15. The notification issued by the Ministry of Environment and Forests clearly provides that 20% of dry ESP fly ash should be made available free of charge to units manufacturing fly ash or clay ash bricks, blocks and tiles on a priority basis over other users. It was only in case the demand from such agencies fall short of 20% of quantity, the balance quantity can be sold by the power station. However very strangely, the Tamil Nadu Electricity Board has entered into a Memorandum of 19 Understanding with the petitioner in W.P.No.1454 of 2008 for the purpose of selling fly ash in utter violation of the notification issued by the Government of India. Though the Tamil Nadu Electricity Board was justified in entering into a Memorandum of Understanding with the exporter, at the relevant point of time, the fact remains that the subsequent notification mandates allotment of 20% of dry ESP fly ash to the manufacturers of fly ash or clay fly ash bricks, blocks and tiles on priority basis. Therefore the statutory notification issued by the Ministry of Environment and Forests would have an over-riding effect to the terms and conditions of the Memorandum of Understanding.
18. While considering an issue like the one raised in this writ petition, the subsequent events have also to be taken note of. In view of the notification issued by the Government of India, the Thermal Station are bound to allot 20% of fly ash, subject to availability to the manufacturers of fly ash based products free of cost. The Tamil Nadu Electricity Board is a State within the meaning of Article 12 of the Constitution of India. It is not possible for the Board to permit export of fly ash without meeting the requirements of the local manufacturers of bricks and other allied fly ash based products. It is true that at a time when fly ash was piling up at the coal-fired Thermal Power Stations, the Tamil Nadu Electricity Board had entered into a memorandum of understanding with cement companies for the establishment and maintenance of pressurised dense fly ash disposal system. Even as per 20 the memorandum of understanding, 20% of the fly ash were earmarked for allotment locally on first come first served basis. The Board has entered into an agreement with the petitioner in W.P.No.1454 of 2008 for allotment of their 20% share in units IV and V in the Tuticorin Thermal Power Station. The said agreement has to be interpreted in the light of the notification issued by the Government of India earmarking 20% of the fly ash to the Small Scale Industries engaged in manufacture of fly ash based bricks and allied products. When the Board found that given the local demand for fly ash and the direction issued by the Government of India, it was not possible to honour the commitment, they have issued the impugned proceedings. The export details gives a clear indication that the petitioner is making huge profits at the cost of the local tiny units. Therefore the Board was perfectly correct in cancelling the allotment. The Public Interest must prevail over private interest. It was only on account of the direction issued by the Government of India, in the interest of environment, prohibiting excavation of top soil, the brick manufacturers were compelled to use fly ash.
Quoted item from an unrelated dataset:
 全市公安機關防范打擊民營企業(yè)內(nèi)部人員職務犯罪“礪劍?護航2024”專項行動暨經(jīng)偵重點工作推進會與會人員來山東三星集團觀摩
Hence, they should get the quantity of fly ash indicated in the notification.

21. The notification issued by the Ministry of Environment was not with a purpose to help the manufacturers of fly ash bricks, blocks and tiles. It was made primarily in the interest of environment. Therefore the Government as well as Tamil Nadu Electricity Board and their Thermal Power Plants are expected to follow the 21 notification in all its seriousness.

25. We make it clear that the Tamil Nadu Electricity Board and the Thermal Power Stations must implement the notification issued by the Government of India in its letter and spirit. Their commercial interest should not come in the way of fulfilling the social objective of allotting 20% of the dry ESP fly ash free of charge to the units manufacturing fly ash or clay fly ash bricks, blocks and tiles on priority basis over other users. We direct the Plant Level Dispute Settlement Committee to finalise the initial allotment of fly ash to the fly ash based units manufacturing bricks, blocks and tiles at the earliest and in any case within four weeks from today with notice to the concerned association of bricks manufacturing units.
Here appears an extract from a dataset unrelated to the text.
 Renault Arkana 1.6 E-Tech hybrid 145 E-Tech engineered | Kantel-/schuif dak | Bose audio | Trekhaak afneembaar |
21. The above said order of the Division Bench was challenged before the Hon'ble Supreme Court in S.L.P.(C).No.16004 to 16006 of 2010 and by an order dated 12.02.2013, the Hon'ble Supreme Court dismissed the S.L.Ps., by holding that the judgment of the High Court does not call for any interference.

22. Thus, it is very clear that the order dated 30.04.2010, passed by the Division Bench in the batch of cases as referred supra, has become final, conclusive and binding all the parties to the proceedings. The respondents herein are parties to the above proceedings.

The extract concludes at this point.